The study describes the clinical characteristics, bacteriology and risk factors for mortality of patients with necrotizing fasciitis (NF), seen in a university medical centre. The medical charts of NF patients admitted to the institution from January 2004 to July 2007 were retrieved and reviewed retrospectively. The majority of the 67 patients included in the study presented with localized nonspecific inflammatory manifestations: tenderness (94%), warmth (86%), oedema (76%), skin necrosis (75%), and ulceration (68%). Diabetes mellitus (22%) was the most common predisposing medical condition.
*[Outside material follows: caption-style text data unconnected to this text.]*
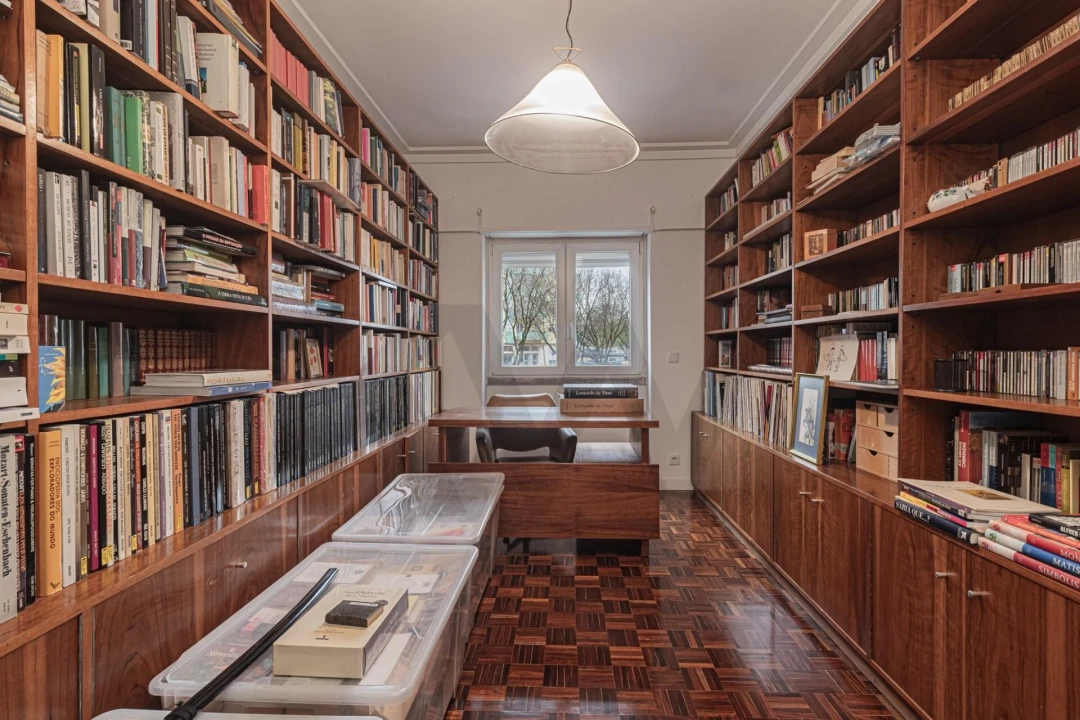 Apartamento T4 para Arrendamento em Benfica Foto 18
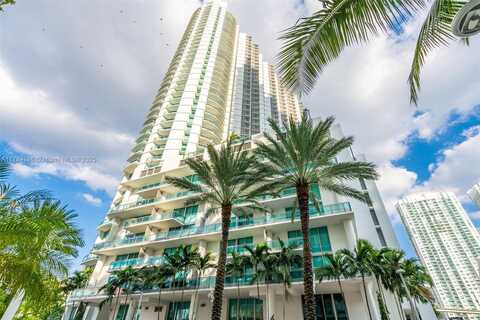 350 S Miami Ave, Miami, FL 33130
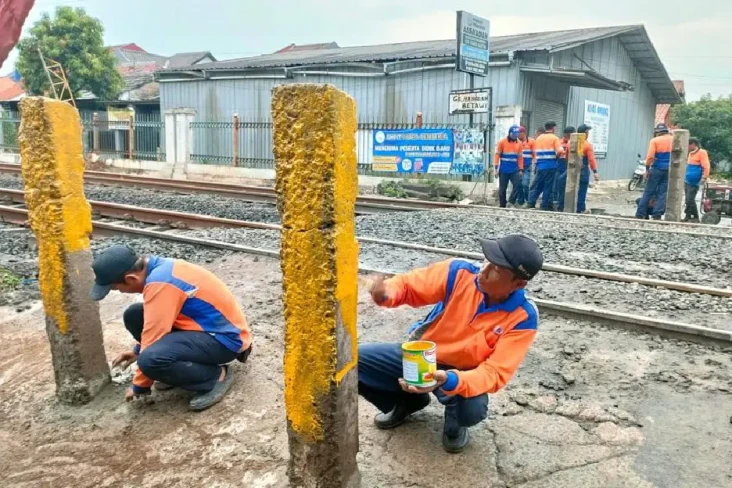 PT KAI Resmi Tutup Perlintasan...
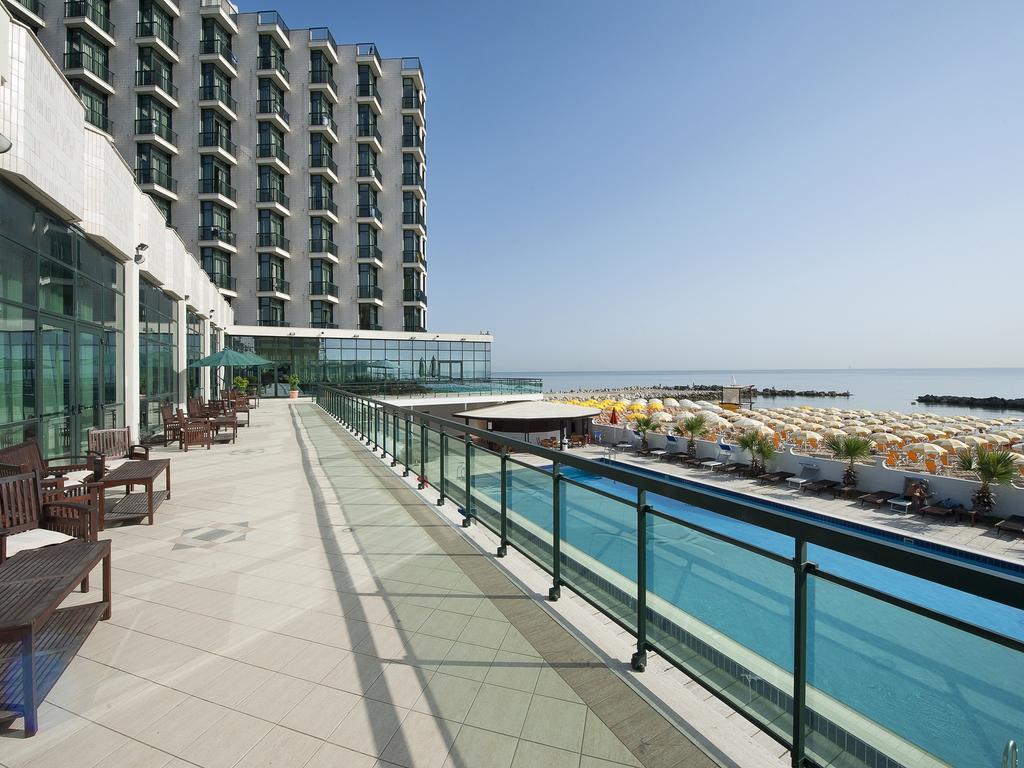 Club Esse Mediterraneo Монтесильвано Экстерьер фото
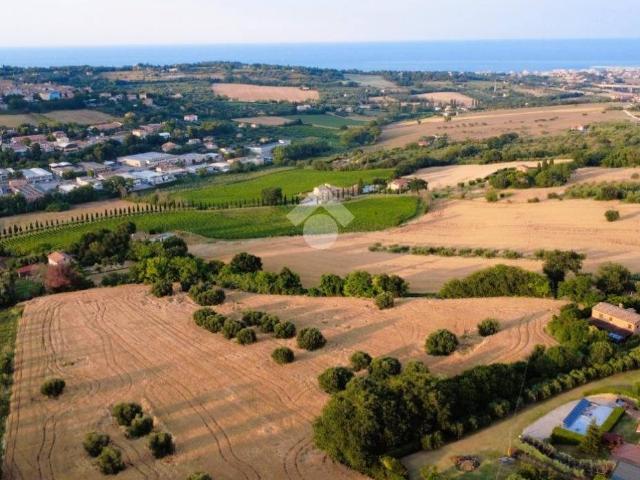 Terreno in vendita a Marche, Macerata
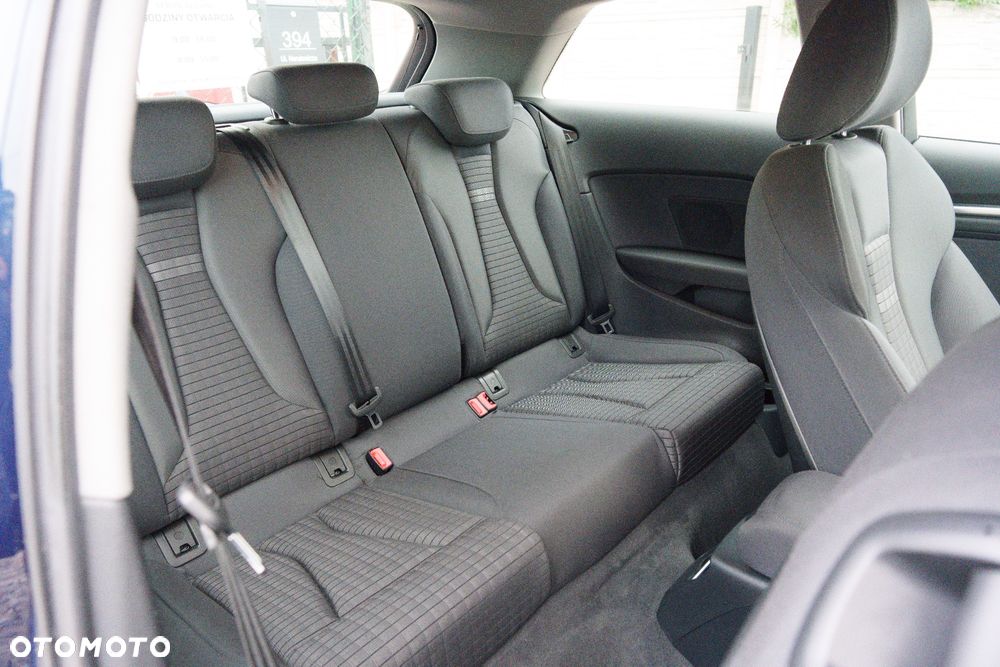 Audi A3 3-drzwiowe 1.6 TDI design - 22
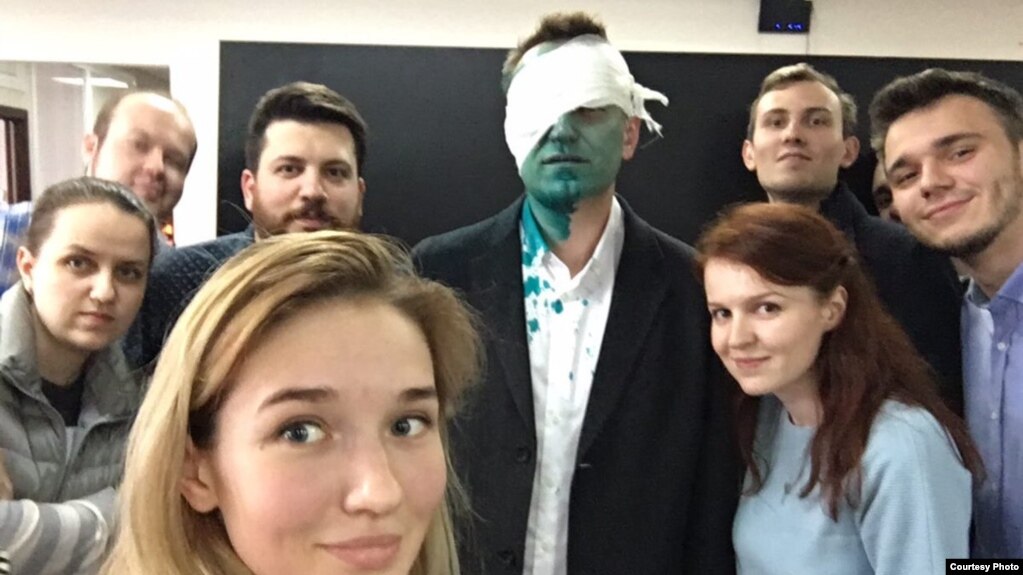 Алексей Навальный после нападения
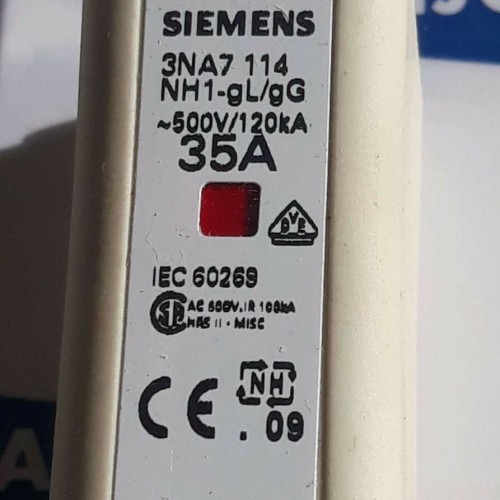 SIEMENS 3NA7 114 NH1 gL gG 500V 120kA 35A IEC 60269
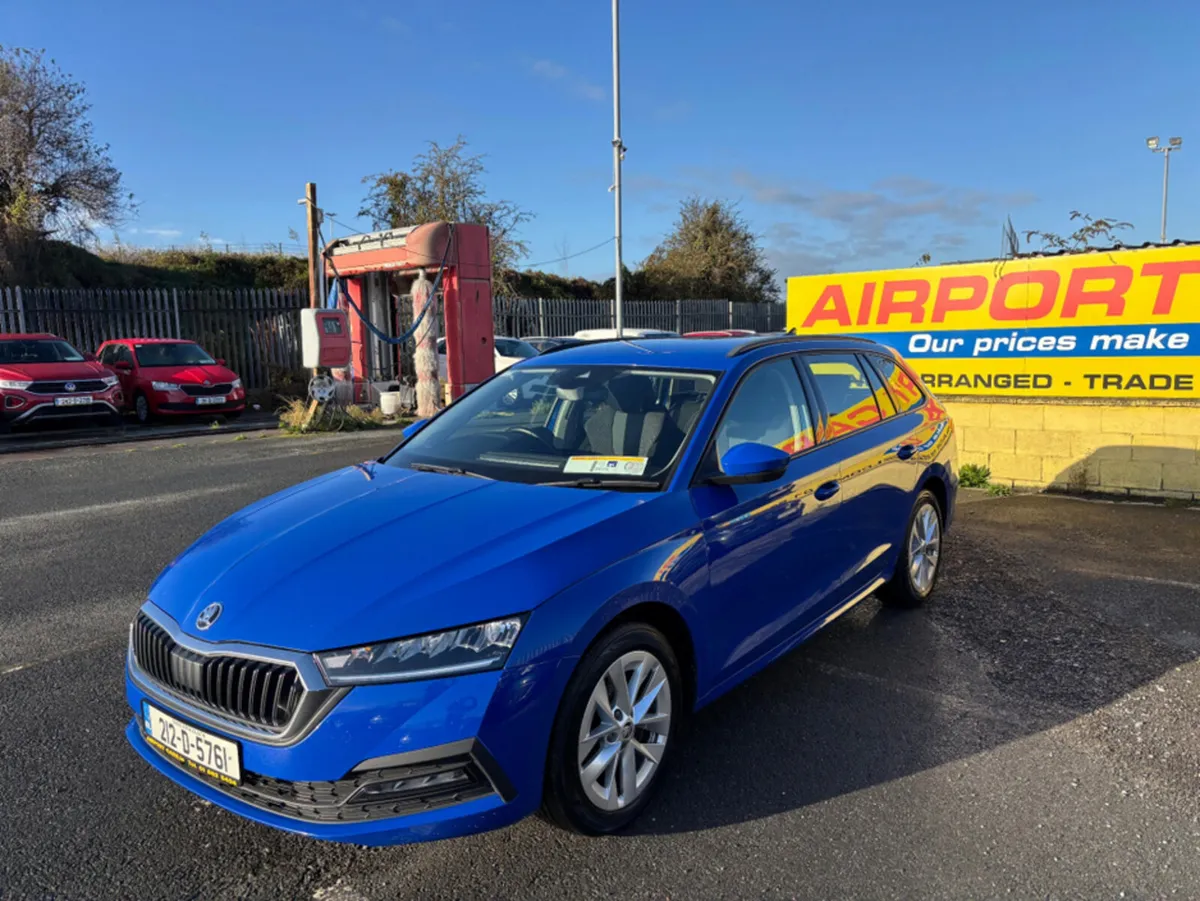 Skoda Octavia C AMBITION 2.0 TDI 115BHP 115HP 5DR - Image 2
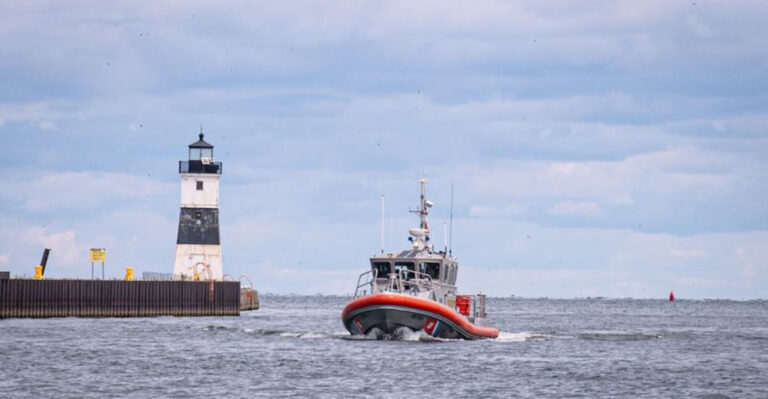 We Took 10 Pennsylvania Boat Tours and the Views Were Absolutely Stunning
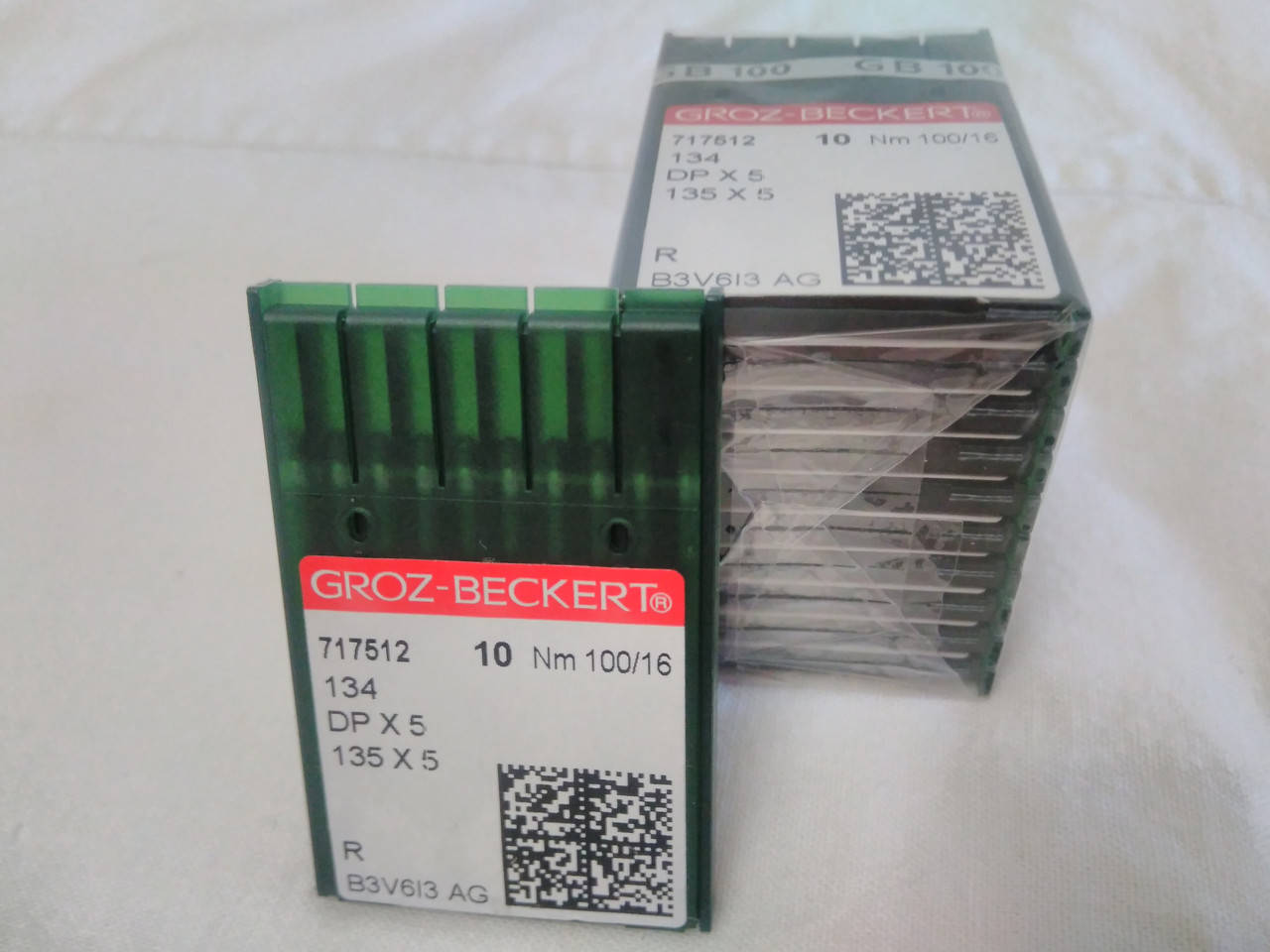 

Иглы швейные "GROZ - BEСKERT" №100/16 DP X 5 R (10шт)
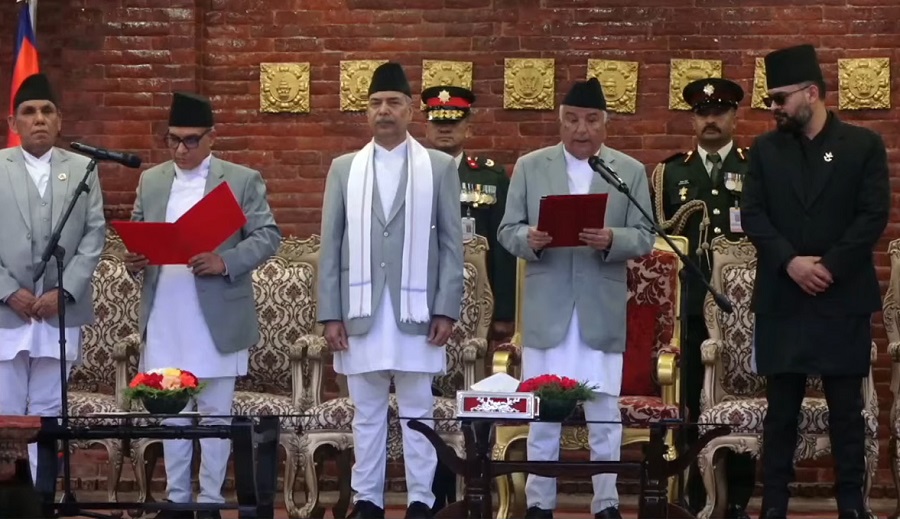 प्रधानन्यायाधीश शर्माले लिए शपथ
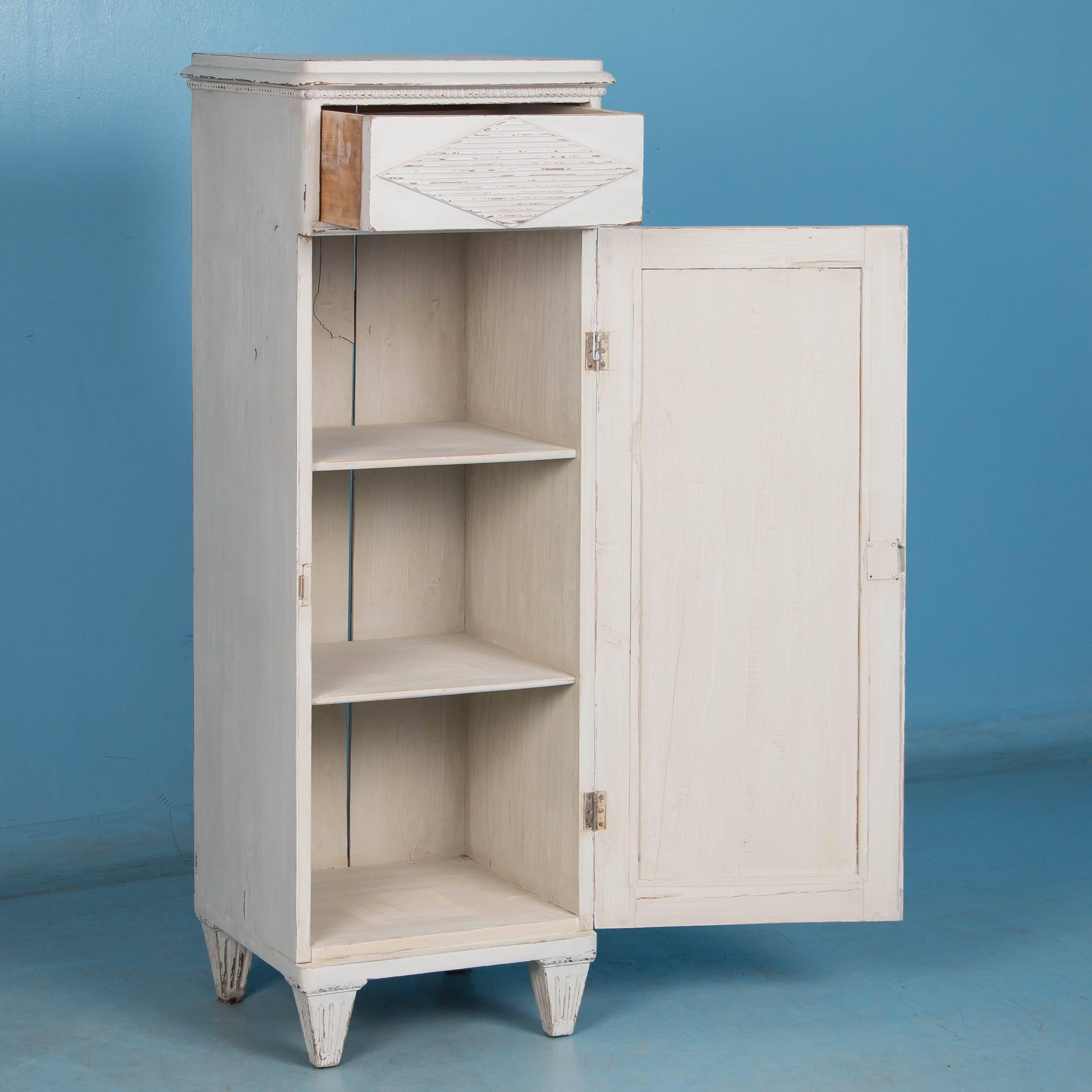 Pair of Painted Antique Swedish Gustavian Cabinets In Good Condition In Round Top, TX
The most frequent isolates were Escherichia coli (44%), Acinetobacter baumannii (19%), Staphylococcus aureus (15%) and Enterococcus faecium (15%). Overall mortality rate was 36%. Risk factors significantly associated with mortality were truncal involvement (p = 0.034), leukocytosis (p = 0.038), acidosis (p = 0.001), hypoalbuminaemia (p = 0.004), hypocalcaemia (p = 0.000) and hyponatraemia (p = 0.023). Logistic regression analysis revealed acidosis [p < 0.05, odds ratio (OR) = 9] and hypoalbuminaemia (p < 0.05, OR = 14) as significant independent risk factors for mortality. The identified risk factors can inform clinicians of increased mortality risks for certain patients with NF. They should serve as a trigger for more aggressive surgical and critical care, and antimicrobial therapy for these patients.